A party may waive the constitutional right to a jury trial if the party does so voluntarily and knowingly. First Union Nat. Bank v. United States, 164 F.Supp.2d 660, 663 (E.D. Pa. 2001). Courts weigh different factors in this determination, including whether (1) gross disparity in bargaining power existed between the parties; (2) the parties are sophisticated in business matters; (3) the parties had the opportunity to negotiate; and (4) the waiver provision was conspicuous. Id. Mutuality of waiver suggests that there was not a disparity in bargaining power. U.S. Bank, Nat. Ass'n v. Rosenberg, No. 12-723, 2014 WL 2439427, at *2 (E.D. Pa. May 30, 2014). Representation by an attorney weighs in favor of the waiver being voluntary. See id.; Phoenix Four Grantor Trust #1 v. 642 N. Broad St. Assocs., No. 00-597, 2000 WL 1717261, at *2 (E.D. Pa. Nov. 15, 2000).

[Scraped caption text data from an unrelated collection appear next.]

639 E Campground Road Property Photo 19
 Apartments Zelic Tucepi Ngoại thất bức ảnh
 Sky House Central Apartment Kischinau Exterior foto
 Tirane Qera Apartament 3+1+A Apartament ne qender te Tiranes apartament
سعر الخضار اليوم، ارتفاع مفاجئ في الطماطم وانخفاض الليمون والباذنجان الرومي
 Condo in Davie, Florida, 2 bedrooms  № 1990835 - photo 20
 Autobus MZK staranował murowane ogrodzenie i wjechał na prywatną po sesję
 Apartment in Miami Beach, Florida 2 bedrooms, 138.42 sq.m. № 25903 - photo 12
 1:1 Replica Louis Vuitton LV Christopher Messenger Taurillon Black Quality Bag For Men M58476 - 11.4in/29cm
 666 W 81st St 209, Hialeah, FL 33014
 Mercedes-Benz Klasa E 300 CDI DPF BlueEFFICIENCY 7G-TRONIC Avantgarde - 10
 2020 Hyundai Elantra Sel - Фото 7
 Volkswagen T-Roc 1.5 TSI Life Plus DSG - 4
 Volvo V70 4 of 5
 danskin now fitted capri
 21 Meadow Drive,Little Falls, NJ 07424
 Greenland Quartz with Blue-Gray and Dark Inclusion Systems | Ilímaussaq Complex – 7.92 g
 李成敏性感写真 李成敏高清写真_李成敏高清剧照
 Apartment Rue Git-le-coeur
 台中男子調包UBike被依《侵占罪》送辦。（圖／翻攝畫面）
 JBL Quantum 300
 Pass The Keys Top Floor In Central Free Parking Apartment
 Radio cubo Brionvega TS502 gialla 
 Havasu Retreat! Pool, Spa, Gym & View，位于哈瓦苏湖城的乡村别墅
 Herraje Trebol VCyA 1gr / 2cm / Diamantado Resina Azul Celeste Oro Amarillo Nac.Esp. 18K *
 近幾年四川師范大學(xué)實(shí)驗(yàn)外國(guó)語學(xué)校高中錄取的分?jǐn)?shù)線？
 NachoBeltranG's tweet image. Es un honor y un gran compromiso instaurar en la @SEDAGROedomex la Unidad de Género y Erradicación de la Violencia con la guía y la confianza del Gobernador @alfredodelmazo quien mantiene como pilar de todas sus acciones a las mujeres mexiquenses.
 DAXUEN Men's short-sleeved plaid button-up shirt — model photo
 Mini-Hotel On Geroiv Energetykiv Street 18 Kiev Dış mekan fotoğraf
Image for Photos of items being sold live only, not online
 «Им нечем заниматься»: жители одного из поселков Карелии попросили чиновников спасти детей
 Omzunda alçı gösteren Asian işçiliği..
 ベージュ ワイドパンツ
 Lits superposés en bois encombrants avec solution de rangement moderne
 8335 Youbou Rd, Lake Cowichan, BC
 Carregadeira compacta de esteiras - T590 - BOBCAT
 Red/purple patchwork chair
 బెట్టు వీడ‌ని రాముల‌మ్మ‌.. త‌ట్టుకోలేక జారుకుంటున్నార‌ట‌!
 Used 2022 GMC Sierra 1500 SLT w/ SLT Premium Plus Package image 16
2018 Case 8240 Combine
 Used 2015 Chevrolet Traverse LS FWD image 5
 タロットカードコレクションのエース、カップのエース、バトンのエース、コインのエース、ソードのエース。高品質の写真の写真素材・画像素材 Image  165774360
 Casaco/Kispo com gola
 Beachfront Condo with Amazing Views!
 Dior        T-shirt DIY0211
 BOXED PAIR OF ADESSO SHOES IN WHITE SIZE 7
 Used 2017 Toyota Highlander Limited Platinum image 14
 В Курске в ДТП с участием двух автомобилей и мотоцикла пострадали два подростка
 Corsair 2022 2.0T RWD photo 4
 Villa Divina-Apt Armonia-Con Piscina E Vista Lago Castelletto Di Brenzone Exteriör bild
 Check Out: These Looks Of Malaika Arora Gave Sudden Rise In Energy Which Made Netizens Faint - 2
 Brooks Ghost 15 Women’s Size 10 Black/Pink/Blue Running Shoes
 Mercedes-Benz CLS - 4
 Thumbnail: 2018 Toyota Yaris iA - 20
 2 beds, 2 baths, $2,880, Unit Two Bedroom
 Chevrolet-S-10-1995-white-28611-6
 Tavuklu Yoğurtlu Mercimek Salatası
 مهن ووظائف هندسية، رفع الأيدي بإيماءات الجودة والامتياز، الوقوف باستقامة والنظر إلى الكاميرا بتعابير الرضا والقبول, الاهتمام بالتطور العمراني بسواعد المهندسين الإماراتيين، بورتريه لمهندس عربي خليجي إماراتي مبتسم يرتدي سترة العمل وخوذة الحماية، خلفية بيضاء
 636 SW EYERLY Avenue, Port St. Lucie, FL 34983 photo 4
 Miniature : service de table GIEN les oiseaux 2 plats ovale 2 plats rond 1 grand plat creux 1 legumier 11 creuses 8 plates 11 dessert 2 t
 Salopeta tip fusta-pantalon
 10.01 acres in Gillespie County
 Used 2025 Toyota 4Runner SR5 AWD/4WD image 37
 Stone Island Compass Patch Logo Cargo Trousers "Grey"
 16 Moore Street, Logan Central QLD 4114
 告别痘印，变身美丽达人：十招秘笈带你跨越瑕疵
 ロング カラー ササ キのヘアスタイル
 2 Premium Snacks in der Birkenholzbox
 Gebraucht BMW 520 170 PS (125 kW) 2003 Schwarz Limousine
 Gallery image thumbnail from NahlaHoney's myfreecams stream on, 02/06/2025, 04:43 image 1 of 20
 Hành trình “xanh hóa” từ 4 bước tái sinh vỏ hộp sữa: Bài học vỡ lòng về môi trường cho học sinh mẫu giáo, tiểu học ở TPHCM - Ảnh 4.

The court concludes that the relevant factors weigh heavily in favor of waiver. The Anginos contend that there was a gross disparity in bargaining power and a lack of negotiation due to defendants' financial position, (Doc. 23 at 11), but these contentions are ipse dixit. This contention is refuted by the record. BB&T allowed modification of the loan to extend the date of maturity several times and increased the loan amount on least one occasion. (Doc. 1 ¶¶ 14-15; Doc. 1-1 at 34; Doc. 16 ¶¶ 14-15). The jury waivers were mutual. See Rosenberg, 2014 WL 2439427, at *2; (Doc. 22-2 at 75, 80, 85, 90, 99, 101, 104, 107, 110, 113, 116, 119, 122, 126, 132, 139, 146, 159). Defendants' averment that the recession caused financing to be scarce and banks to act with impunity, (Doc. 23 at 10-13), fails to acknowledge Richard C. Angino's abilities, as an attorney and sophisticated businessman, to negotiate and understand contracts. See Phoenix Four Grantor Trust #1, 2000 WL 1717261, at *2; (Doc. 24 at 8). Finally, the court observes that the jury waivers in the loan agreements are quite conspicuous. (Doc. 22 at 21-22; Doc. 22-2 at 75, 80, 85, 90, 99, 101, 104, 107, 110, 113, 116, 119, 122, 126, 132, 139, 146, 159). In toto, the court finds that the facts and circumstances of the instant matter weigh in favor of striking the jury trial demand in defendants' answer.

IV. Conclusion

The court will grant BB&T's motion (Doc. 20) to dismiss counterclaims and strike the jury trial demand. An appropriate order shall issue.

FootNotes


1. In a separate civil action pending in this court, BB&T claims damages for breach of a different term loan note executed on February 22, 2013. Branch Banking & Trust Co. v. Angino Law Firm, P.C., No. 1:16-CV-712 (M.D. Pa.). Defendants filed identical counterclaims in that case, and BB&T moved to dismiss on grounds similar to those addressed herein. That motion is resolved by separate opinion issued on today's date.
2. BB&T contends that the Anginos waived claims for punitive damages. (Doc. 24 at 2). The court need not comment on the possibility of waiver of punitive damages in the case sub judice, as defendants' two requests for punitive damages are barred by the gist of the action doctrine.